En ce qui concerne maintenant les autres aspects de fond qui sont également inscrits dans la proposition de loi de quelques députés de la mouvance présidentielle, il est difficile de se prononcer parce que l’objectivité n’est pas toujours la vertu première des débats politiques. Néanmoins, j’ai comme l’impression qu’il y a des partis qui, sans le savoir, travaillent pour l’alternance, et d’autres qui, aussi inconsciemment, œuvrent contre l’alternance pourtant révendiquée par presque tous.

Ce que j’ai vu récemment à Taïwan est éloquent : il y a beaucoup de partis, mais il n’y en a que trois ou quatre grands, ce qui rend l’alternance possible dans ce pays. On a vu des exemples identiques dans beaucoup d’autres pays. Au Ghana à côté, il y a, je crois, sept partis politiques pour tout le pays avec seulement quatre à l’Assemblée nationale. Seuls les partis forts peuvent réaliser l’alternance.

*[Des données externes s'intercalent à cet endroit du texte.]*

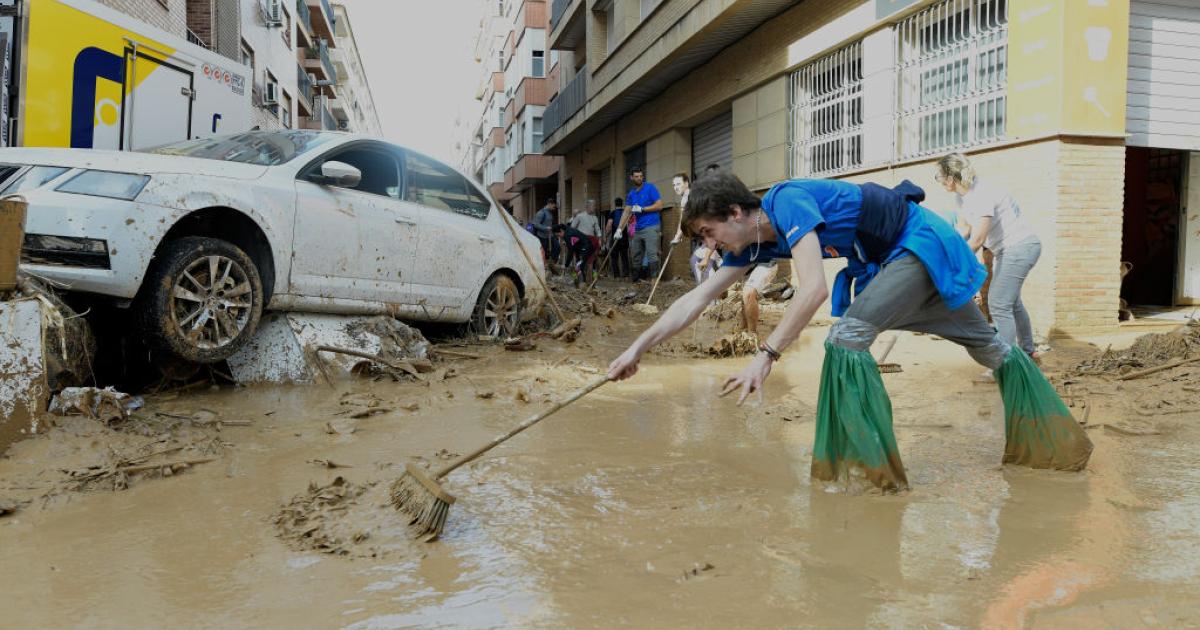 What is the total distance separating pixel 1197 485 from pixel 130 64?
8886 millimetres

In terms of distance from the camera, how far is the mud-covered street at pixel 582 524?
229 cm

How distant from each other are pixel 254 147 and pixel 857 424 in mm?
4476

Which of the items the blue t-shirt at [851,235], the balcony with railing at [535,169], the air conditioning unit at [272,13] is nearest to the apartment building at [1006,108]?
the blue t-shirt at [851,235]

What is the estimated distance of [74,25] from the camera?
24.2 ft

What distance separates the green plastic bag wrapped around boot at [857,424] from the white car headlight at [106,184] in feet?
12.2

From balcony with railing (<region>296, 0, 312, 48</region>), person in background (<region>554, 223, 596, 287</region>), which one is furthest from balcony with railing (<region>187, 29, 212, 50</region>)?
balcony with railing (<region>296, 0, 312, 48</region>)

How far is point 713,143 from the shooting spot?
1691cm

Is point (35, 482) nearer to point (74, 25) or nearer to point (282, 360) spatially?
point (282, 360)

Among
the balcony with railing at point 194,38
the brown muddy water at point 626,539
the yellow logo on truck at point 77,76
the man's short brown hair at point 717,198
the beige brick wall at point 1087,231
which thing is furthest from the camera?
the balcony with railing at point 194,38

Il y a lieu, si l’on veut consolider la démocratie, qu’on travaille au renforcement des partis et non à permettre leur démultiplication ou leur émiettement. Il faut pour ce faire développer des mécanismes favorables à cela. C’est cet aspect qui rend difficile le débat politique puisqu’on ne sait pas ce qui est objectif ou ne l’est pas. Ce sont des attitudes de principe que l’on adopte généralement en politique ; c’est-à-dire que tant que c’est l’adversaire qui propose quelque chose, je le combats même si au fond de moi-même je suis convaincu de la pertinence de sa proposition.

Comme je l’ai dit tantôt, il est difficile de se prononcer sur ce genre de débat. Il faut être dans une position politique pour pouvoir apprécier. Pour me résumer, je dirais que la CENI n’a pas de position de principe. Nous appliquons la loi qui est votée et sommes toujours prêts à appliquer d’éventuelles nouvelles dispositions.

Vous auriez proposé que désormais l’on implique l’administration dans l’organisation des élections ?

• J’ai effectivement lu dans l’exposé des motifs de la proposition de loi que c’est la CENI qui a réclamé cela. Non ! Ce que nous avons réclamé est écrit et connu de tous. Mais cela ne nous gêne pas tant qu’on n’est pas venu nous poser la question.

Je voudrais alors saisir l’opportunité que vous m’avez offerte pour dire que nous n’avons jamais demandé l’introduction de l’administration, parce que nous aurions rencontré des difficultés dans l’organisation des élections législatives.

Je vais cependant dire que la CENI a besoin de toutes les administrations pour organiser les élections : de la sécurité, du ministère des Finances, car nous avons besoin d’argent pour travailler, du ministère de l’Information pour nous aider à sensibiliser les électeurs, du ministère de l’Administration territoriale, car nous utilisons leurs locaux dans les provinces chaque fois qu’il y a des élections...

Nous avons donc besoin de toutes les administrations, mais pas particulièrement d’un supposé ministère sans lequel nous ne pourrions pas organiser les élections. En conclusion, je trouve que c’est peut-être une mauvaise compréhension de ce que nous avons écrit.